Barbados-Carolina History: What's the value?

Author:  Rhoda A. Green, Founder and CEO

The Barbados and Carolinas Legacy Foundation


The unseen hands of history provide a record - an accounting of human engagement and interaction with each other. The past informs. It never determines our present and our future. A Barbados delegation returned to Charleston to continue discussions begun last October on business, trade, and investment on the island. Barbados and Charleston, SC's historical lineage remind us of our past interconnections. Today we collaborate on ways to update business opportunities, trade, and investment connections that benefit each other.

In the whirlwind of preparing for our Barbadian guests, I had a reflective moment of pause. I stopped to reflect: Shared history reminds us that trade was the engine that drove the colonial economy. Cost, value, and commodities, including enslaved bodies, had utility in colonial commerce.
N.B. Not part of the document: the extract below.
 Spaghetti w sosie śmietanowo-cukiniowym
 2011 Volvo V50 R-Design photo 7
I'm baffled. How do we reconcile that history? What's the value of my ancestors' equity in today's economy - marketplace? Do I fully understand its worth? How do I invest that worth for future returns? Their sweat equity was toil, pain, torture, suppression, and subjugation. We, their legatees, should attribute value to their deposit - invest and expect returns.

We rely on historians' research and documentation for history.  We apply what we learn to contemporary usage.  For example, Bridgetown, Barbados, and Charleston, South Carolina, were pivotal ports in global trade during the colonial period. So what? I reached into my timeless imaginary fob - pulled out my imagined lens, and peered deeply into my ancestors' past. I picture planters, traders, and merchants transacting, bartering, and negotiating the terms of BIG business. In the meantime, our enslaved ancestors, indentured servants - people trapped and entangled in a societal net constructed by the powerful. Caught up in the imaginative buzz of activity, I stepped into their shoes - their spaces. I envisioned freedom and empowerment they did not have. I seized their agency and fast-forwarded to the present to engage in meaningful commerce and engagement that will yield worth for our present and future.
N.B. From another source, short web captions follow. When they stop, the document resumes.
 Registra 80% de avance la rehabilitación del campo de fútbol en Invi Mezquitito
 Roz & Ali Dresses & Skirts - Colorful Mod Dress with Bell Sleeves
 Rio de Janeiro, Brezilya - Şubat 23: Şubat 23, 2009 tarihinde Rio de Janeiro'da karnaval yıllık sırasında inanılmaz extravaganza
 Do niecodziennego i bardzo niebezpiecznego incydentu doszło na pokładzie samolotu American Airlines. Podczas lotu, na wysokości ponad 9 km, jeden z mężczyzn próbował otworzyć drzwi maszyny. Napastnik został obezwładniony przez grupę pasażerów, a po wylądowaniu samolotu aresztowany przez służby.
People in our era continue to evaluate the past. Some recipients received a legacy less fraught with stigma and dehumanization than others. I ponder the value of the heritage of a Barbadian - of a Carolinian. I mused: knowing and understanding one's history should be something of worth - capital - a resource - to activate and leverage for positive return.
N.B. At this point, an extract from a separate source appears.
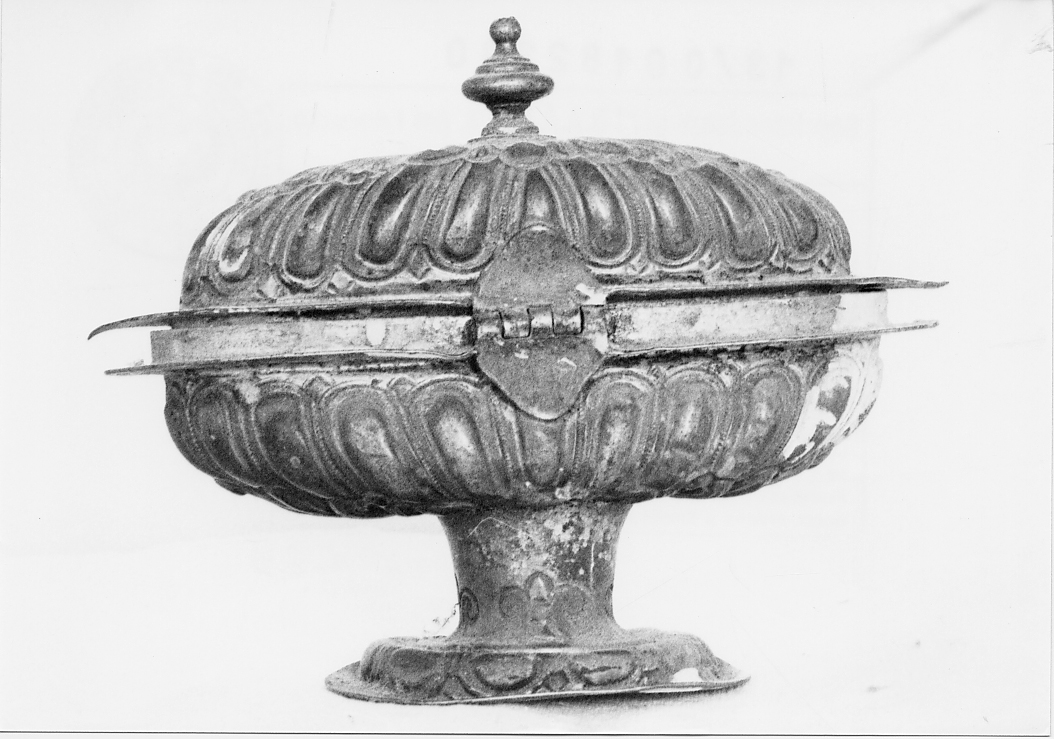 vasetto per la purificazione, opera isolata - ambito Italia centrale (sec. XVII)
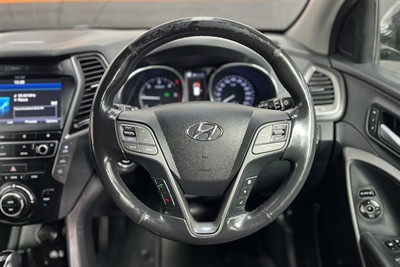 2015 Hyundai Santa Fe - Thumbnail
Last week's engagement with the Barbados Delegation on matters of business, trade, and investment between Barbados and South Carolina brings into laser focus the realization that knowing one's value and the ability to communicate that value adds value. Barbados, a new republic, continues positioning itself as a hub of possibilities in our time. "Pride and Industry" is stated in Barbados' Coat of Arms. That statement still resonates today.